▶ [Aim of the task]: These records contain pictures, which must be left out; copy exactly the lines from the one with "송세라 결혼식 후 질투의 눈물, 달라진 이유, 7년 연애의 끝은" up to and including the one with "Aquila Private Game".

▶ [Source records]:
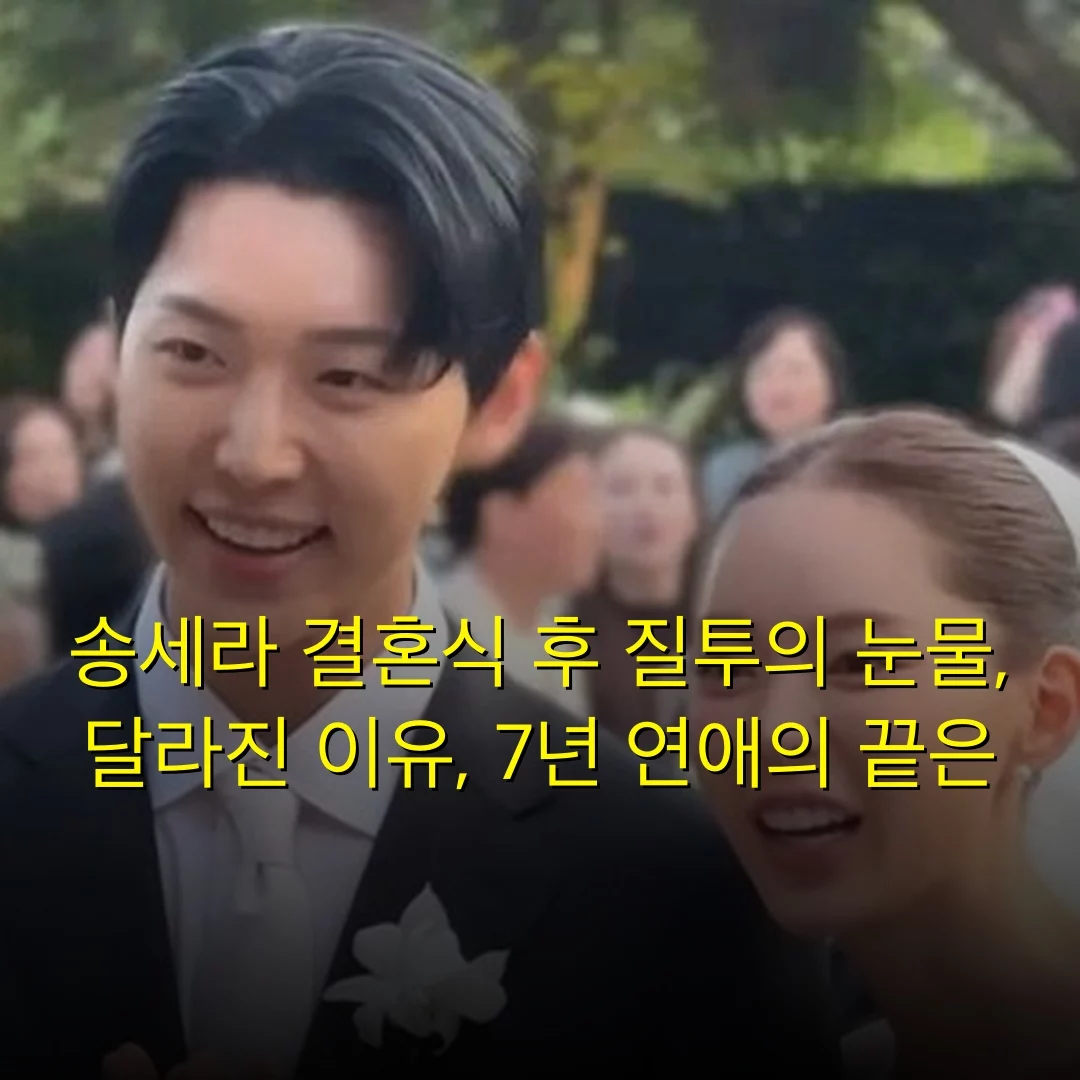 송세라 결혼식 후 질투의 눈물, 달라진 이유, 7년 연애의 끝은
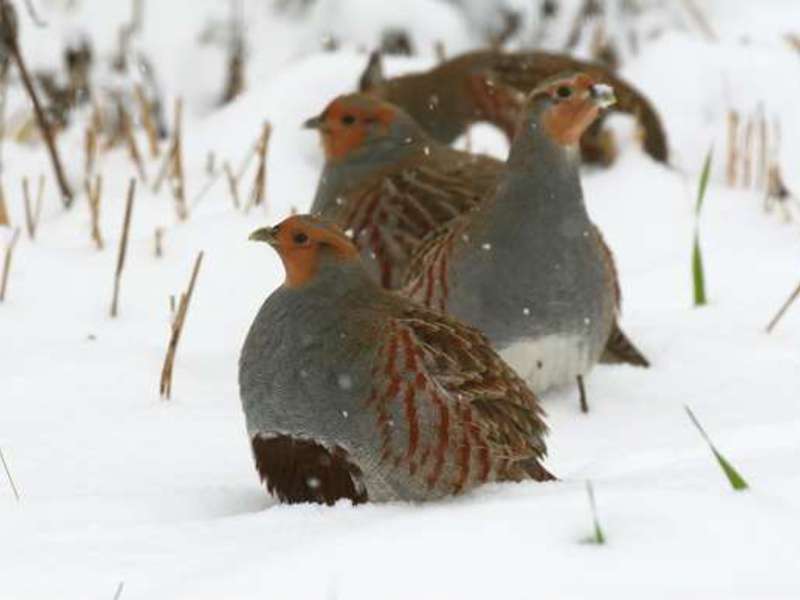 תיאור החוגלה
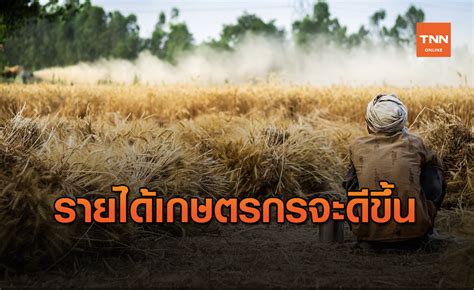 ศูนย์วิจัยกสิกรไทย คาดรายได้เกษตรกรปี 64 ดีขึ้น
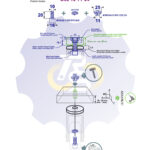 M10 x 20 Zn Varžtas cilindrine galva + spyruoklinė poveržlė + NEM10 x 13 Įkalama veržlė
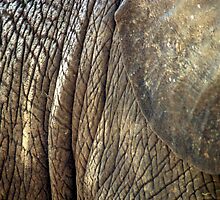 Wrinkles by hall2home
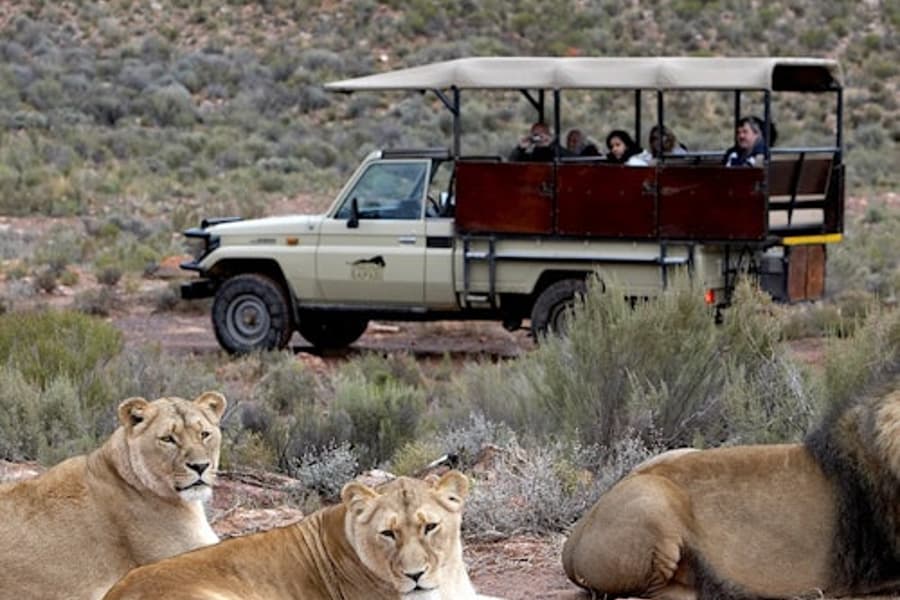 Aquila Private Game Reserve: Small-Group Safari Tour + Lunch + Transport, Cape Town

* * *

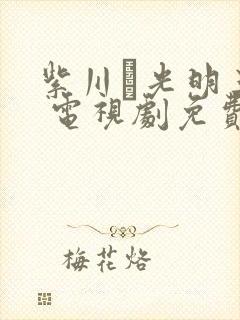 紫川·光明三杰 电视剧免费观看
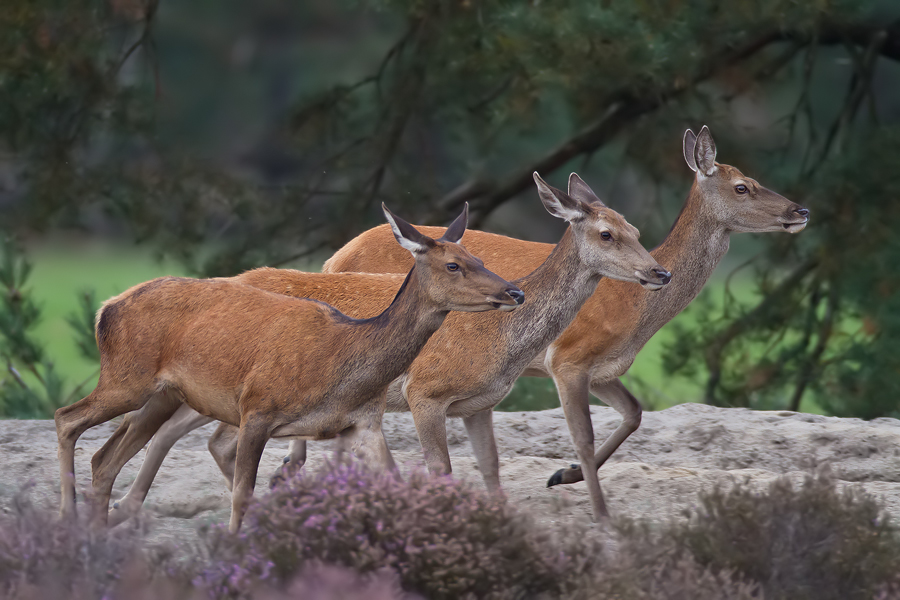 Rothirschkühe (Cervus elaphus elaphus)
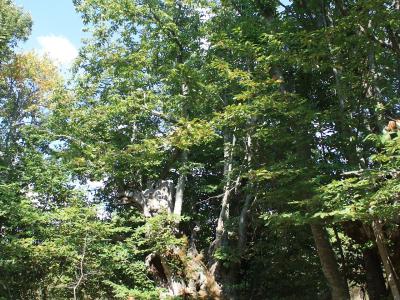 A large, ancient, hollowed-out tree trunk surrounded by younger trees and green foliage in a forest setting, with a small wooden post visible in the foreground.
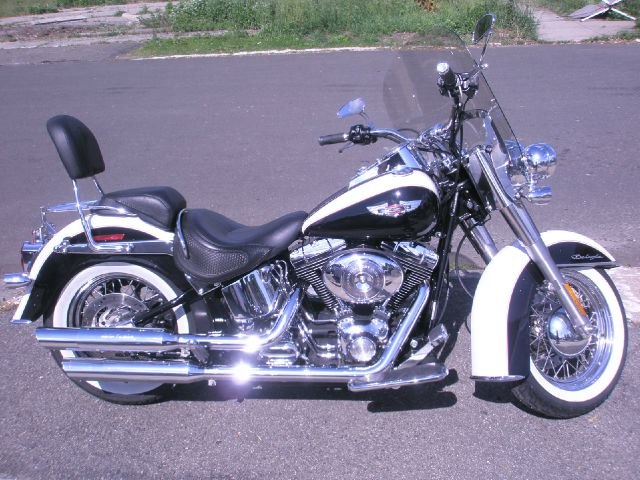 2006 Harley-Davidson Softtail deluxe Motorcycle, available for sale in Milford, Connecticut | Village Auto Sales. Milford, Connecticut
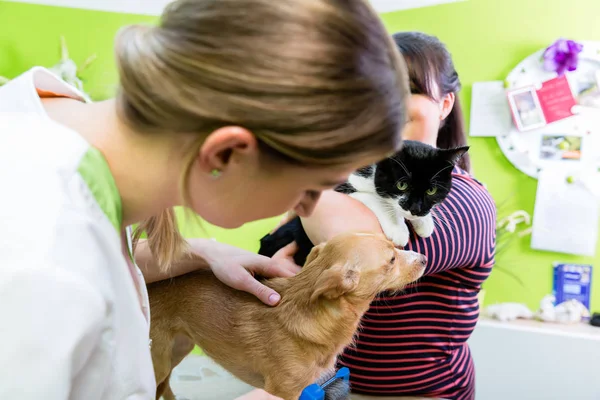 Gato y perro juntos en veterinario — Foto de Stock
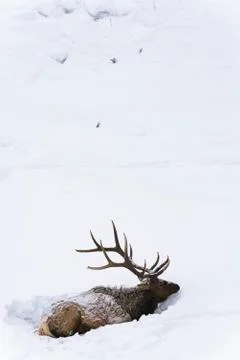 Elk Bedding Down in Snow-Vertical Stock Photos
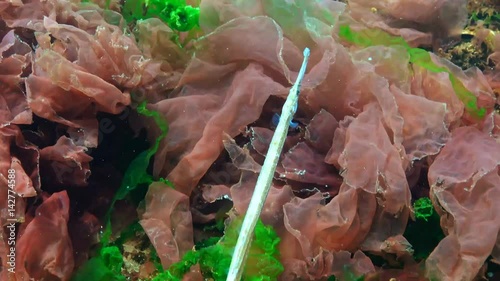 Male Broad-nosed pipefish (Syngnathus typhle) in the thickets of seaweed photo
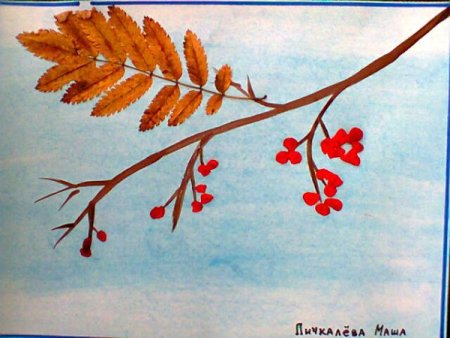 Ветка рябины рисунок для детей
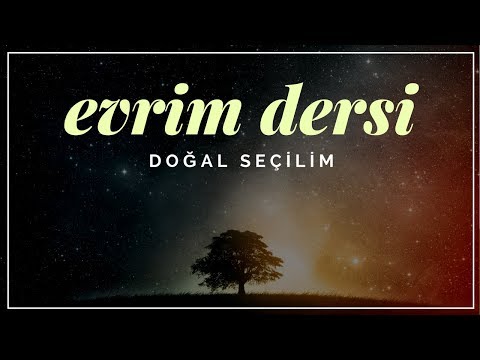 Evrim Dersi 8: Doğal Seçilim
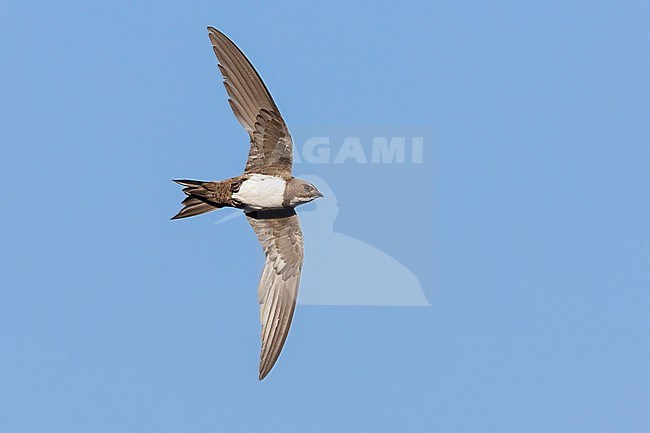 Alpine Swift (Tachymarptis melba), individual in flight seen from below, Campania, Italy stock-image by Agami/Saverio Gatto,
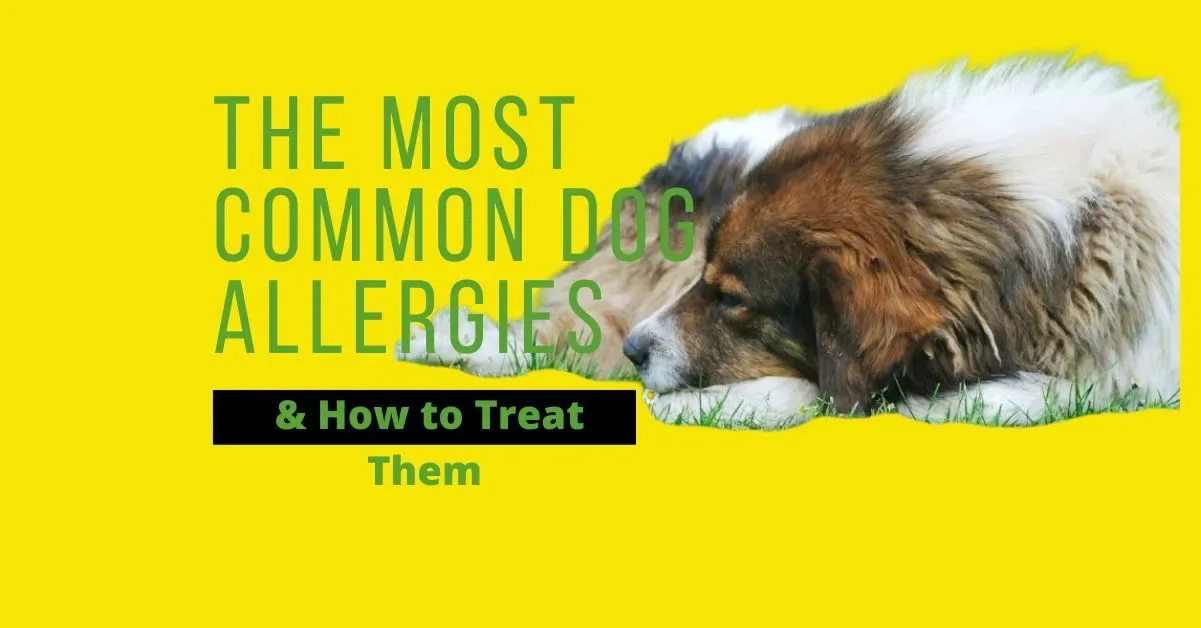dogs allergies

▶ [Solution to the exercise]:
 송세라 결혼식 후 질투의 눈물, 달라진 이유, 7년 연애의 끝은
 תיאור החוגלה
 ศูนย์วิจัยกสิกรไทย คาดรายได้เกษตรกรปี 64 ดีขึ้น
 M10 x 20 Zn Varžtas cilindrine galva + spyruoklinė poveržlė + NEM10 x 13 Įkalama veržlė
 Wrinkles by hall2home
 Aquila Private Game Reserve: Small-Group Safari Tour + Lunch + Transport, Cape Town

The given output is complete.